THE TASK: Look below for the line containing "Janette Steinwand Fotografie" and the line containing "Guests viewing historical"; repeat exactly those two lines and all lines between them, and nothing else.

***** AVAILABLE DATA

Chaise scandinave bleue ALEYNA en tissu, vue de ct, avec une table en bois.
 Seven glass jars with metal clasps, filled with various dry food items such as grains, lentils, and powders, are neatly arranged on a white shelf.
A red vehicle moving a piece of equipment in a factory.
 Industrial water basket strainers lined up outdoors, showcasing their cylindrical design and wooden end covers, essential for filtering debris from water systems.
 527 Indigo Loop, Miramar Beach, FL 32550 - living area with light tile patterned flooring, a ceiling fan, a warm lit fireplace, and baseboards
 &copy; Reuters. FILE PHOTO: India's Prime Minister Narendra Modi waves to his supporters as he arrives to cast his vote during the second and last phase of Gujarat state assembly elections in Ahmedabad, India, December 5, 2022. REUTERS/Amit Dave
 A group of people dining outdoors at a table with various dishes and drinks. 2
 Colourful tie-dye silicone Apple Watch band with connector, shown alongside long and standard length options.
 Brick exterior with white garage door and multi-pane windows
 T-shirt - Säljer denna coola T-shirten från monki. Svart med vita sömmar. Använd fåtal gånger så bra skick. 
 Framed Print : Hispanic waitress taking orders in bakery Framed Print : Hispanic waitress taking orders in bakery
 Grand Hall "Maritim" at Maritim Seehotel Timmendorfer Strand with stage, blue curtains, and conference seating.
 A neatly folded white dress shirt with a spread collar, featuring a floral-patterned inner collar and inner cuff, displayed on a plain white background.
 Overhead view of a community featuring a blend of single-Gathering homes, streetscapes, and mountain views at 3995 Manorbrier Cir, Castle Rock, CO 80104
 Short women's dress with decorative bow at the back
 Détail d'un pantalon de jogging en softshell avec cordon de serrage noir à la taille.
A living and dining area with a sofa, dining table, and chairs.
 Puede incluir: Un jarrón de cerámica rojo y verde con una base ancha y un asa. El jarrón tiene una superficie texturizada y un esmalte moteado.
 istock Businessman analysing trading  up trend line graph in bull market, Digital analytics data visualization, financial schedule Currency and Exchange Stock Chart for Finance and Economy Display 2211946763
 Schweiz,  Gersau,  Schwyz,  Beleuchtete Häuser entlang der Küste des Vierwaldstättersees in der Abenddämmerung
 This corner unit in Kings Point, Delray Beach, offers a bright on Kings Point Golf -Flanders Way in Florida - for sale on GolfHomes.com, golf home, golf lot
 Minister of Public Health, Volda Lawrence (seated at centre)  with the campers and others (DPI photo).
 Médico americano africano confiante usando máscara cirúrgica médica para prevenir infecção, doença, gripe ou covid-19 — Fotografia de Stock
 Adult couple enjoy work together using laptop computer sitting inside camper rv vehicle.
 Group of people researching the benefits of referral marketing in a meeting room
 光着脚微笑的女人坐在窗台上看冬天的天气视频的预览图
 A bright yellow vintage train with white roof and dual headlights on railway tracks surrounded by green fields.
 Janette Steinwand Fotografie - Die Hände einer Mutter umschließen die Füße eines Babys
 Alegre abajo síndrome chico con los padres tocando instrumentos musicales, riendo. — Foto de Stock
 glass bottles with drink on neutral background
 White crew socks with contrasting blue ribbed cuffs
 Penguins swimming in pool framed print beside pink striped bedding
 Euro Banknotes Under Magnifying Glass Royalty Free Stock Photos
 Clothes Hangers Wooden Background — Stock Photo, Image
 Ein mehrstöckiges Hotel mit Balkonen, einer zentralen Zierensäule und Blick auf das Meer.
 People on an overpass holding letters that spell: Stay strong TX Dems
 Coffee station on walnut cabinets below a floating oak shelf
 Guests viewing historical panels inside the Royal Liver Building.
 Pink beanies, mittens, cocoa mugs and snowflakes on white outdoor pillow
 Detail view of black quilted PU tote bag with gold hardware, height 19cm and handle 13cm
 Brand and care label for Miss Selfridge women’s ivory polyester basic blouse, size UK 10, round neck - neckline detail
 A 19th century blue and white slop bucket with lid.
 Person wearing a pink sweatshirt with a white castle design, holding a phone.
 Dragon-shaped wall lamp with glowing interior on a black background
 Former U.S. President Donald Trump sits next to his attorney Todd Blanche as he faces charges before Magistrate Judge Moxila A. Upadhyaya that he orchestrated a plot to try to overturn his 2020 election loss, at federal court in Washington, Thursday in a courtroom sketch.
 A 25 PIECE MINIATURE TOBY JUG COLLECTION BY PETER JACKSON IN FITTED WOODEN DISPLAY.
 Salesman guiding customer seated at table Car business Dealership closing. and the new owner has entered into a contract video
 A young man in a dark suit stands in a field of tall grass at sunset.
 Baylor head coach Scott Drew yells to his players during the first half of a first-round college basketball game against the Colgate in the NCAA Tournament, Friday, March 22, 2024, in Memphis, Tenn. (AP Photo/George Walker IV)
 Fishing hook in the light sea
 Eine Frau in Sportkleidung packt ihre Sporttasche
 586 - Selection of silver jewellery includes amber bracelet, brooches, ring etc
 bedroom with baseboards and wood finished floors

**********

EXERCISE ANSWER:
 Janette Steinwand Fotografie - Die Hände einer Mutter umschließen die Füße eines Babys
 Alegre abajo síndrome chico con los padres tocando instrumentos musicales, riendo. — Foto de Stock
 glass bottles with drink on neutral background
 White crew socks with contrasting blue ribbed cuffs
 Penguins swimming in pool framed print beside pink striped bedding
 Euro Banknotes Under Magnifying Glass Royalty Free Stock Photos
 Clothes Hangers Wooden Background — Stock Photo, Image
 Ein mehrstöckiges Hotel mit Balkonen, einer zentralen Zierensäule und Blick auf das Meer.
 People on an overpass holding letters that spell: Stay strong TX Dems
 Coffee station on walnut cabinets below a floating oak shelf
 Guests viewing historical panels inside the Royal Liver Building.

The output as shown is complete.